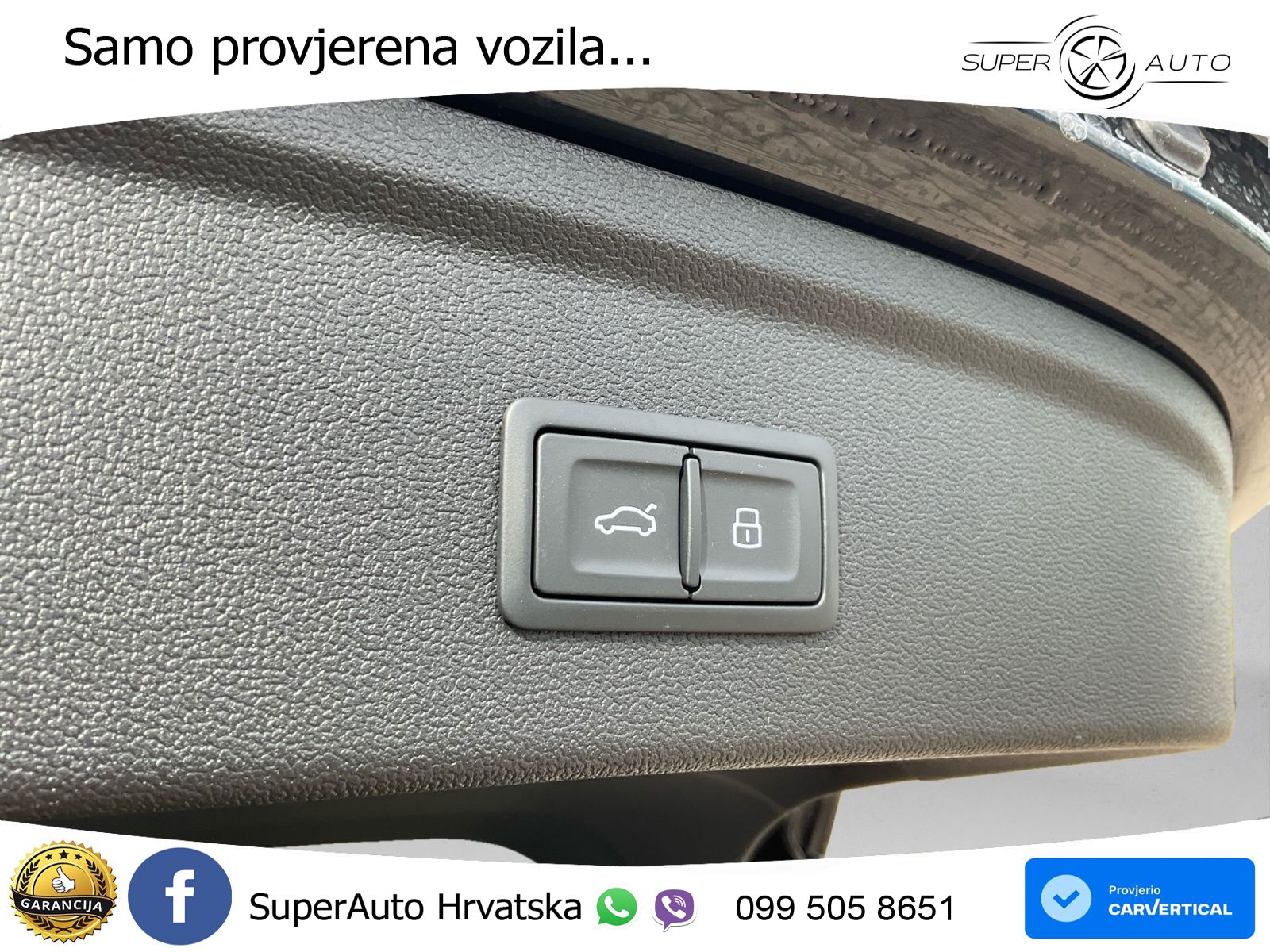 Audi A3 Sportback 40 TFSI e (204 KS) Plug-in Hybrid S tronic S line MATRIX+GR SJED+KAM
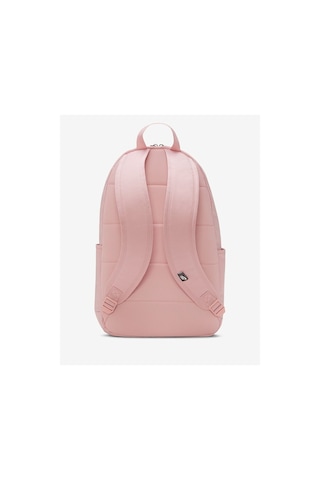 Nike Dd0559-630 Elmntl Bkpk Unisex Sırt Çantası Çok Renkli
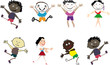 Kinder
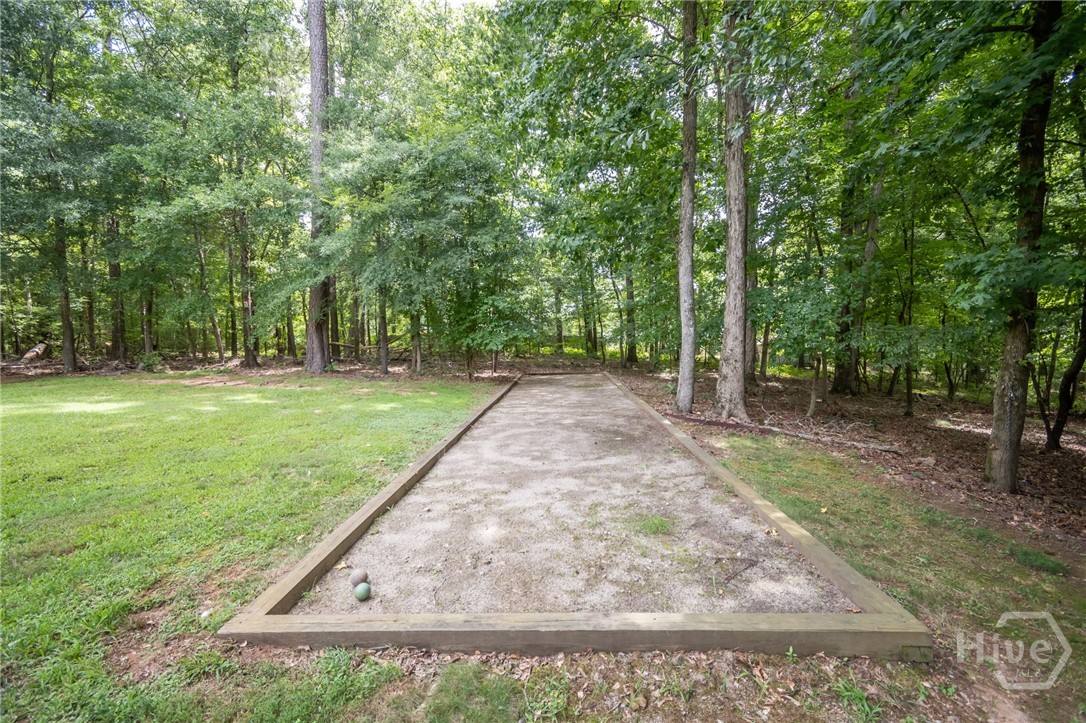 155 Pine Creek Way Property Photo 32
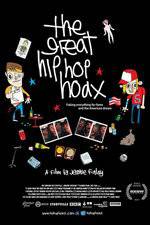 Watch The Great Hip Hop Hoax 123movieshub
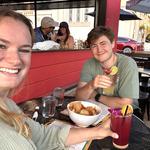 Tell us which is better: Taco Stand or Tacos El Gordo
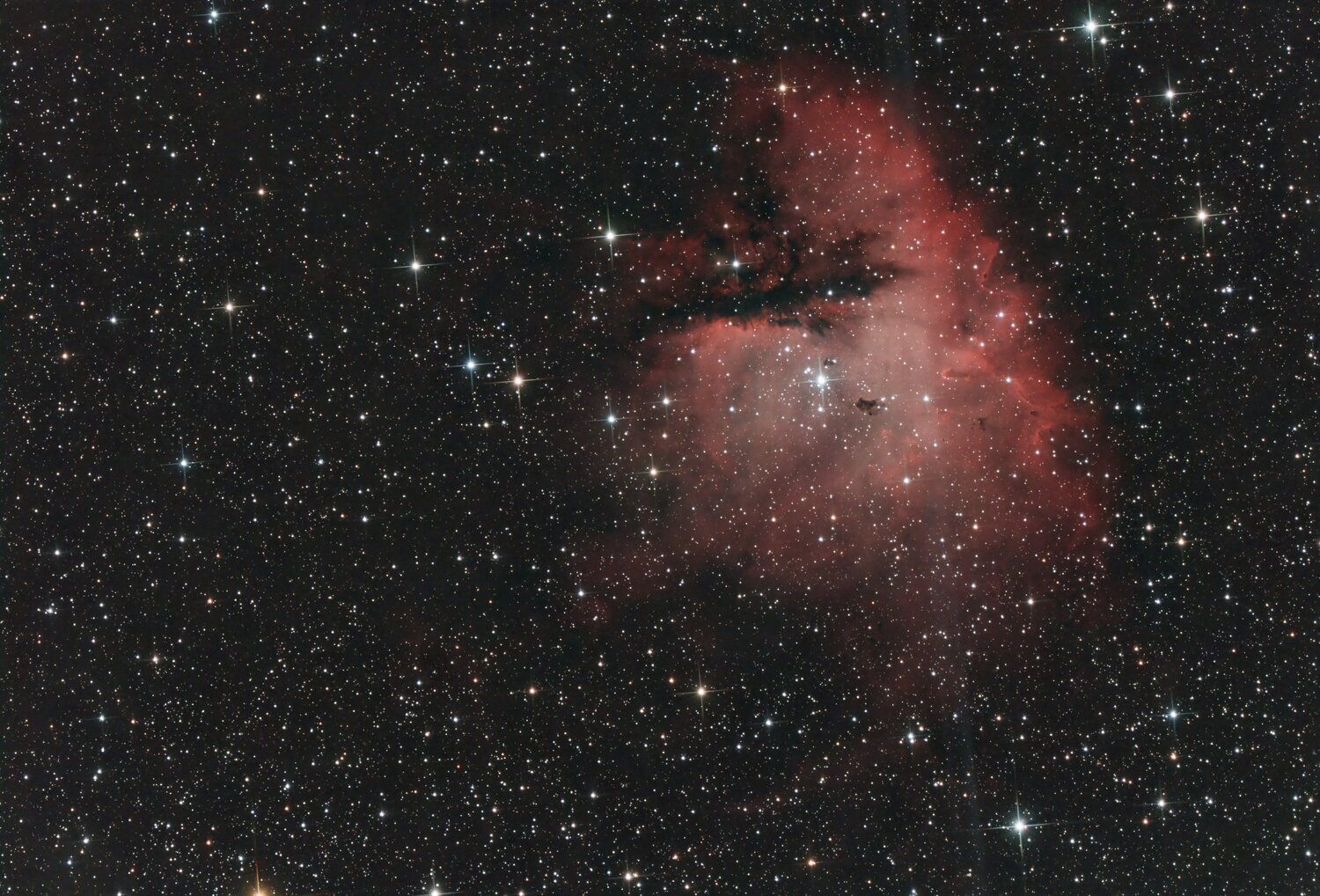 NGC281_RGB_V1.thumb.jpg.8509aeb7607eb7f203de4fd7abd742d0.jpg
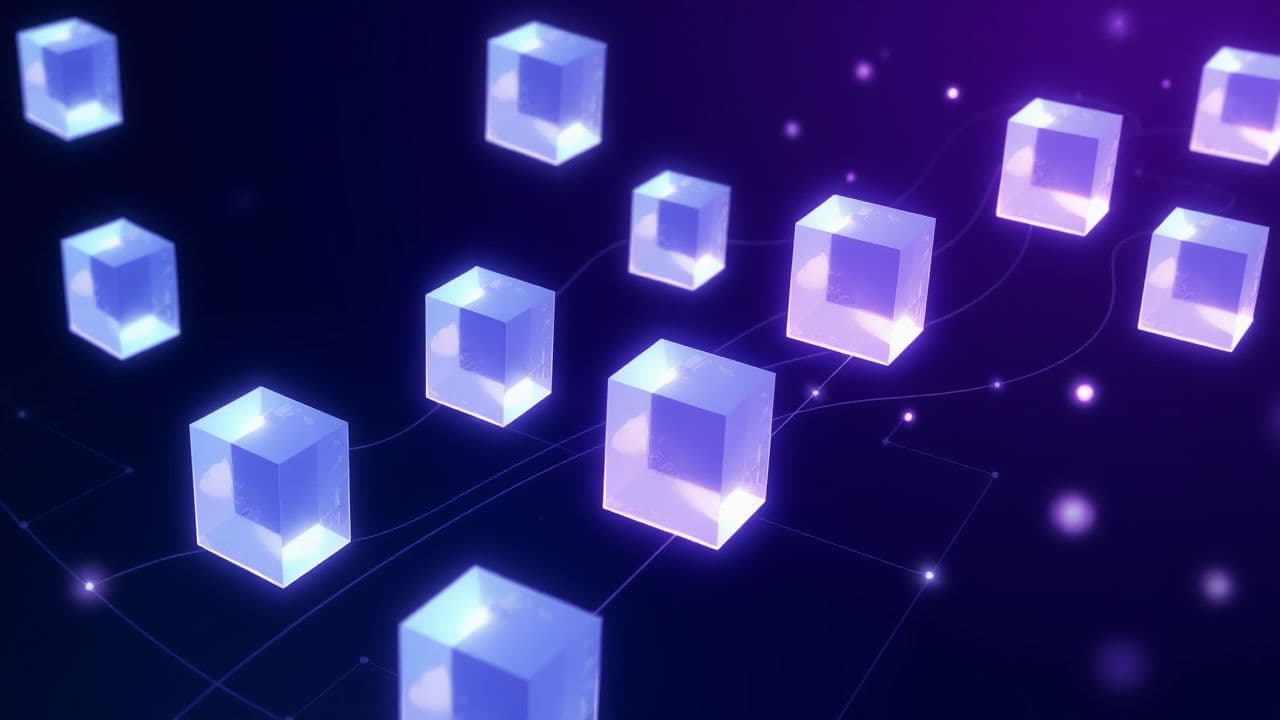 Cover image for Upstash QStash Ephemeral Boxes: Disposable Compute for Transient Workloads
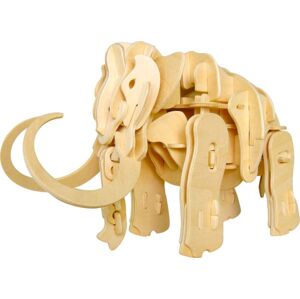 RoboTime Robotická hračka Mamut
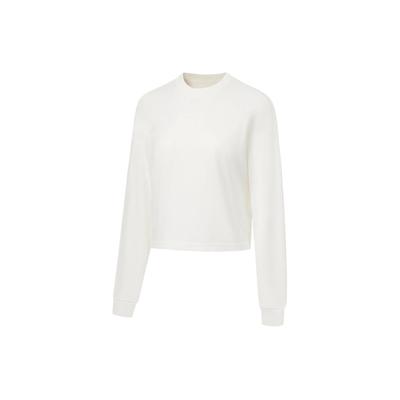 Tops – Pulóveres e camisolas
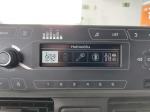 peugeot-partner-2021-diesel-1499cc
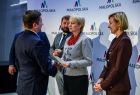 Ponad 10 mln złotych dla beneficjentów czterech konkursów z obszaru kultury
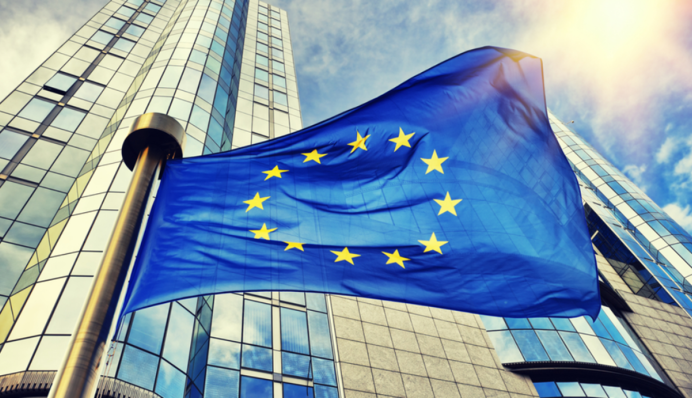 Йдеться про мільярди євро: в ЄС підтримали план використання активів Росії на користь України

Problem details
Without including any pictures, print each record exactly.

Output of the task
 Audi A3 Sportback 40 TFSI e (204 KS) Plug-in Hybrid S tronic S line MATRIX+GR SJED+KAM
 Nike Dd0559-630 Elmntl Bkpk Unisex Sırt Çantası Çok Renkli
 Kinder
 155 Pine Creek Way Property Photo 32
 Watch The Great Hip Hop Hoax 123movieshub
 Tell us which is better: Taco Stand or Tacos El Gordo
 NGC281_RGB_V1.thumb.jpg.8509aeb7607eb7f203de4fd7abd742d0.jpg
 Cover image for Upstash QStash Ephemeral Boxes: Disposable Compute for Transient Workloads
 RoboTime Robotická hračka Mamut
 Tops – Pulóveres e camisolas
 peugeot-partner-2021-diesel-1499cc
 Ponad 10 mln złotych dla beneficjentów czterech konkursów z obszaru kultury
 Йдеться про мільярди євро: в ЄС підтримали план використання активів Росії на користь України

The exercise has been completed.